**EXERCISE AIM**.
Could you write out, exactly as they stand, only the lines in the listing below from the line with "3-бөлмелі пәтер ·" to the line with "サンリオキャラクターズ チョコエッグ こぎみゅん", both ends included, without the pictures?

**SUPPLIED MATERIAL**.
Content starts

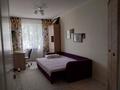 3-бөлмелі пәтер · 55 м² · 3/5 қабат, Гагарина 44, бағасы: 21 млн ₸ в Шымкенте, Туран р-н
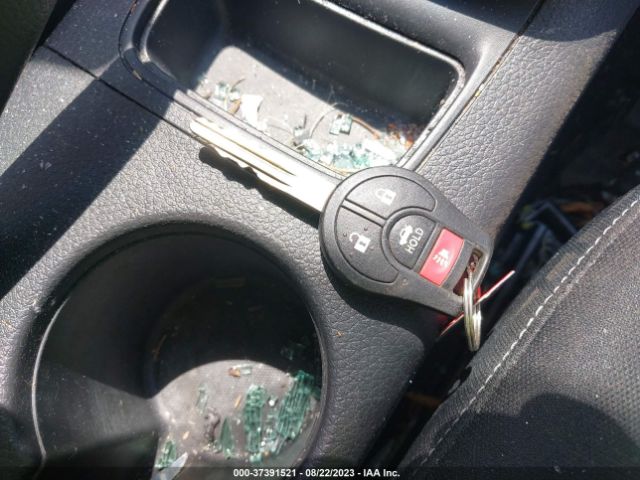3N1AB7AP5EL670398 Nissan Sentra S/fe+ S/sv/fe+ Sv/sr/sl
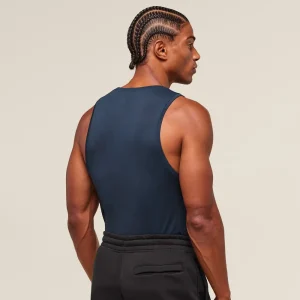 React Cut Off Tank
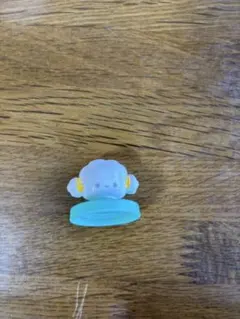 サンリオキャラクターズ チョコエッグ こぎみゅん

Content ends
Content starts

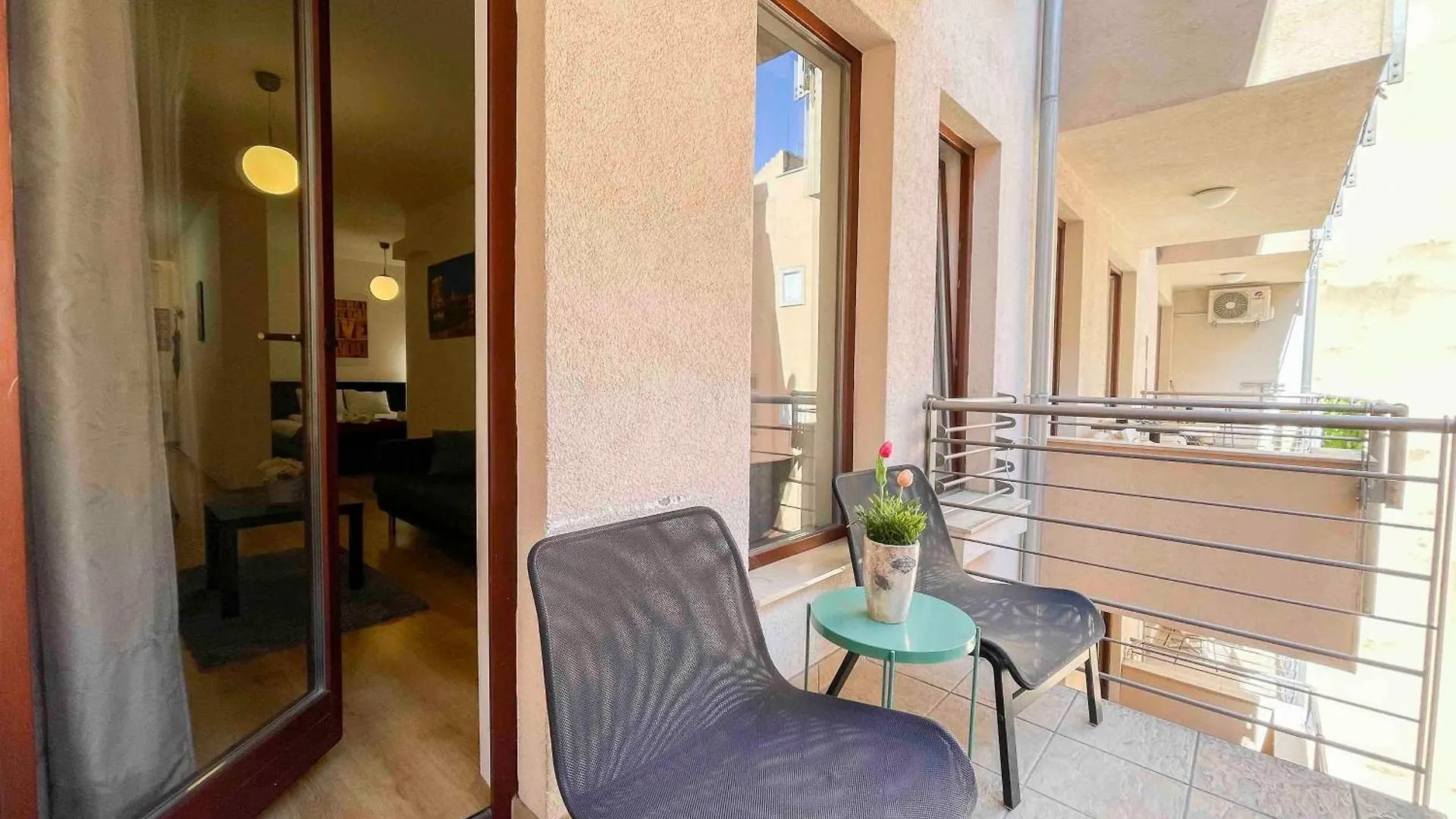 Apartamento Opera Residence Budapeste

Content ends

**ANSWER TO THIS PROBLEM**.
 3-бөлмелі пәтер · 55 м² · 3/5 қабат, Гагарина 44, бағасы: 21 млн ₸ в Шымкенте, Туран р-н
3N1AB7AP5EL670398 Nissan Sentra S/fe+ S/sv/fe+ Sv/sr/sl
 React Cut Off Tank
 サンリオキャラクターズ チョコエッグ こぎみゅん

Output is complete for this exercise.